Через четверть часа пути я встретил грамотея. Он сидел недалеко от тропы, возле дерева, возле сосны, привалившись спиной к стволу, совсем так, как я увидел его первый раз.
Он был не похож на себя зимнего. Лицо его было чисто и доброжелательно, спокойно, точно он совсем не был мертвым. Он улыбался. Вода забрала все лишнее, унесла. Пришло солнце, испарило годы, и грамотей был уже просто человеком, а не носителем культуры.
Вокруг было полно волчьих следов. Они кружили рядом, и некоторые осмеливались подойти близко, совсем близко, на шаг, на вдох. Но ни один не решился его тронуть.
Я постоял некоторое время возле, потом отправился дальше, вдоль реки. Я не очень знал, куда идти, но знал, что дойду. Дойду, а чего? Знал, что там, за воротами райского сада все еще жив единорог. Знал, что в далеких вечерних сумерках овсяного поля уже ждет меня злой и не выспавшийся страж. Я буду краток, если что».
Сестрорецкий закончил чтение и закрыл тетрадь. Выражение лица у него было непонятное, а паузу он повесил умело.
— Ну? — не утерпел я. — Как?
— Пойдет, — сказал Сестрорецкий. — Нормально для дебюта, хотя и длиннотно. Только почему «Соленый стриж»? И где четвертая часть? Тут же явно не хватает логичной четвертой части, одни обрывки. Фрагментарно как-то…

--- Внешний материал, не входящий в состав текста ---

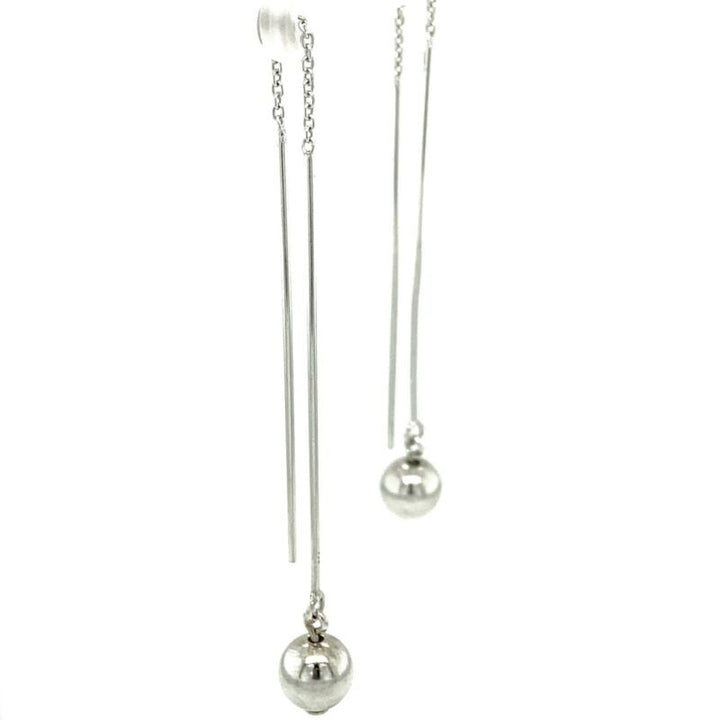 Sterling Silver Long Thread Bar Earrings With Ball LJ8840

— Не сделал пока, — объяснил я. — Только финал написал. Думаю до конца лета закончить, там и название объясняется. Соленый стриж это…

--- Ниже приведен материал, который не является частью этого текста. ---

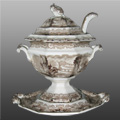underglaze single color printing on earthenware and stoneware 1850-1900
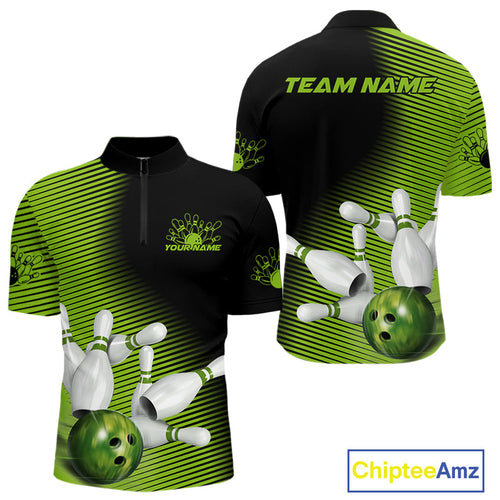 Custom Black And Green Bowling Quarter-Zip Shirts For Men, Green Bowling Jerseys IPHW9400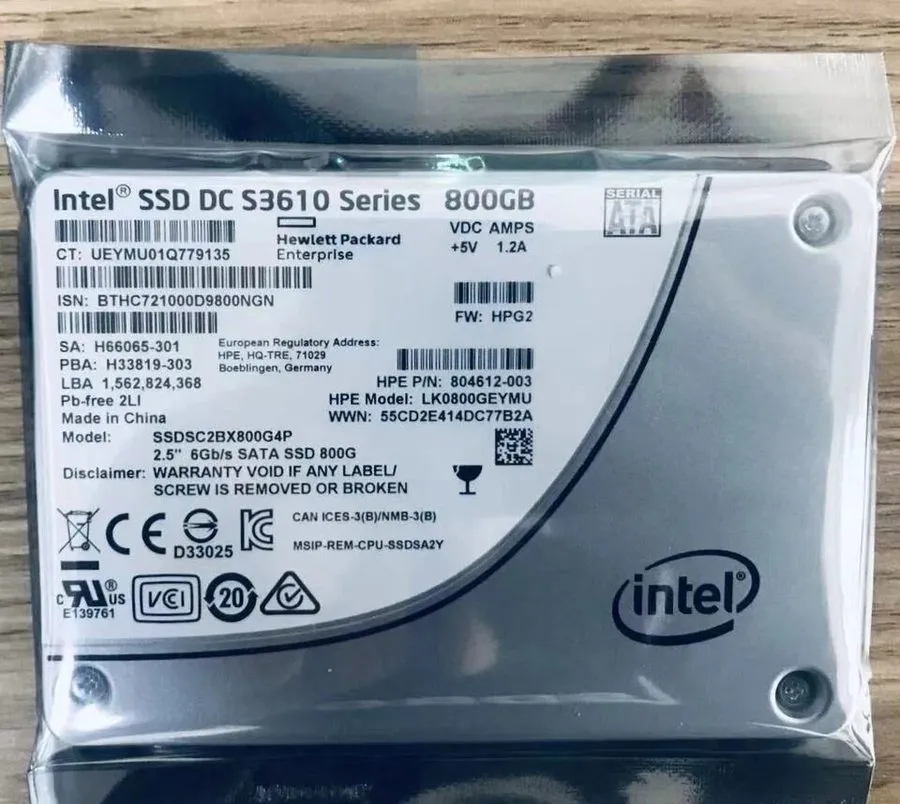 SSD-накопитель Intel DC S3610 800GB HPE SSD 2.5" SATA 6Gbs Solid State Drive SSD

— Неплохой рассказец может получиться, — отметил Сестрорецкий снисходительно. — Но, конечно, надо дорабатывать. Дорабатывать, добиваться прозрачности звука, избавляться от блох.
Я почувствовал, как горят уши. Зря я Сестрорецкому дал почитать, совсем зря. Сестрорецкий хоть и поэт, а свинья. Блохи ему мешают, блох свинье не товарищ.
— Правда, есть один большой минус, — сказал Сестрорецкий.
— Какой?
— Вранье все это, — Сестрорецкий почесал моей тетрадью подбородок. — Байки старого примуса, а художник должен глубоко…
Сестрорецкий сжал кулак, потряс им у меня перед лицом, чтобы я не сомневался, что художник должен глубоко.
— Это не байки, это правда, — возразил я. — Все так и было.
— Ага, так все и было, самособой… Кстати и финал мне тоже не очень нравится.
Сестрорецкий поковырял в зубах ногтем.
— Как-то… не так, — сказал он. — Недожато.
— Что не так? Все так, все дожато. Все так и было. Торчали на крыше, пережидали разлив. Грамотей совсем плох был весной, ноги у него тогда уже отнялись, прострелило всего, лицо набок съехало. Заснул да и свалился в воду.